Diagram showing Clutch connecting multiple systems

The dynamic nature of cloud computing has significantly reduced the adoption cost of new infrastructure. The CNCF Landscape currently tracks over 300 open source projects and 1,000 more commercial offerings. Although organizations can rapidly adopt these projects and vendors, each new technology comes with its own set of configuration, tooling, logs, and metrics. Allowing developers to quickly and safely make changes throughout the stack requires significant upfront and ongoing investment in tooling, which most organizations fail to account for. Therefore, while new infrastructure is increasingly easy to adopt, it is difficult to scale the management of new components, especially as the complexity of the overall platform and the size of the engineering team grows. Clutch solves this problem by enabling infrastructure teams to deliver intuitive and safe interfaces for infrastructure management to their entire engineering organization.

Clutch is the result of a year-long development cycle to address deficiencies in Lyft’s developer experience and tooling. At its core, Clutch is made up of two main components. The Go backend is designed to be an extensible infrastructure control plane, bringing together a patchwork collection of systems behind a single protobuf-driven API with common authorization, observability, and audit logging. API definitions for the backend automatically generate clients for the frontend via protobuf tooling. The React frontend is a pluggable and workflow-oriented UI allowing users and developers to create new features behind a single pane of glass with less code, less prior JavaScript knowledge, and less maintenance.

Design and Architecture

What differentiates Clutch from other solutions in the developer tooling space? At the outset of the project, we did a thorough analysis of the existing tools before building our own.

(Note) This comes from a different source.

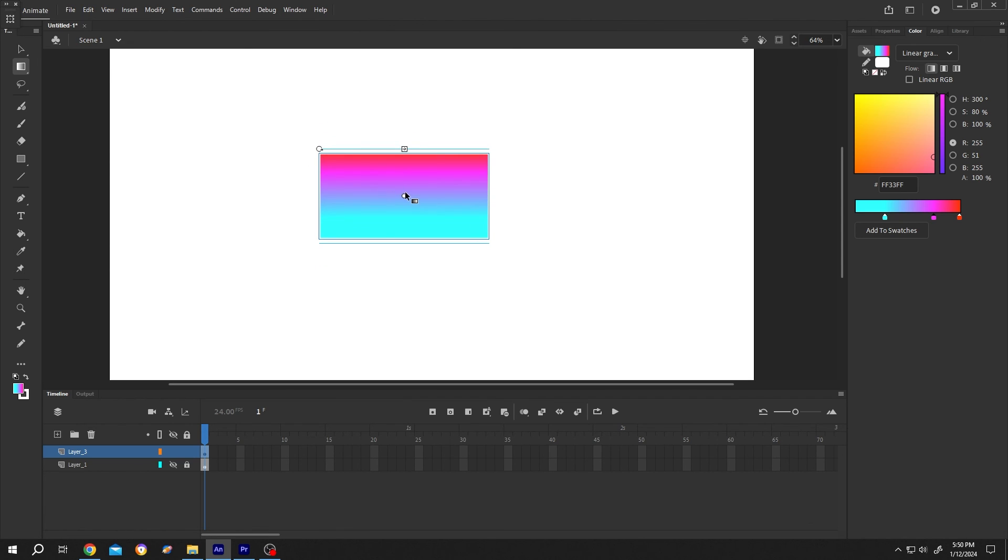That's how easily we can use the gradient tool in Adobe Animate. Thank you for watching. Have a good day.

Our main goals for the tooling we intended to adopt were:

  • Reduce the Mean Time To Repair (MTTR) infrastructure when responding to an alert. Engineers were spending too long reading through runbooks and navigating complex tooling when responding to pages while on-call.
  • Eliminate accidental outages when performing maintenance tasks. Significant outages have occurred as the result of a user missing a warning in a runbook or even modifying or deleting the wrong resource altogether, e.g. one they thought was unused but had significant traffic and usage.
  • Enforce granular permissions and audit all activity in a common format. Some permissions are too broad because the vendor access controls do not support fine-grained control. Also, while we were collecting audit logs from various tools for security purposes, it was hard to distill that data into actionable insights on how we could improve our tools.
  • Provide a platform that greatly eases the development of future tools. At Lyft’s scale, projects with a large scope are rarely successful if they don’t account for contributions outside of the immediate team. We don’t have enough resources to build every feature that Lyft needs, much less support it.

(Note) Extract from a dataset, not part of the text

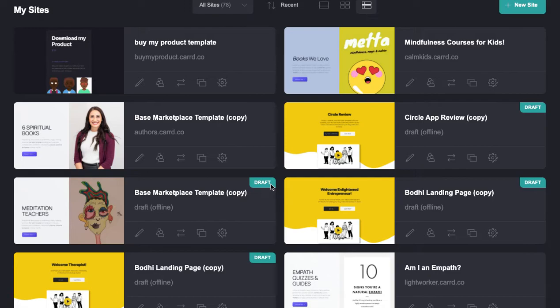Hey everybody, this is Ian from Mindful Marketplace. Welcome back to our short series on the Card platform. While this may be really remedial or simple for many of you, lots of folks have actually been sending me messages with respect to publishing a live Card site, so I'm going to walk you through the entire process right here.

We started by looking at the shortcomings of the available vendor UIs. Vendor tools are slow (and in some cases dangerous) due to a lack of specialization. They require unnecessary steps to perform common tasks and present a superset of the necessary information. There are generally few guardrails beyond simple access controls. The result is that an operator may perform an action that seems innocuous but actually degrades the system. On the other hand, they may be unfamiliar with the tool such that it results in delayed remediation. Ideally, engineers are only on-call every four to six weeks. It’s easy to forget how to use a tool, especially considering the possibility of going multiple on-call cycles without needing to interact with a particular system.

The net outcome of relying on vendor tooling is high cognitive load due to fragmentation and information sprawl. In contrast, a vendor-agnostic tool like Clutch can unify disparate systems with a clear and consistent UX and offer specialized functionality to perform common tasks with as few clicks and as little training as possible.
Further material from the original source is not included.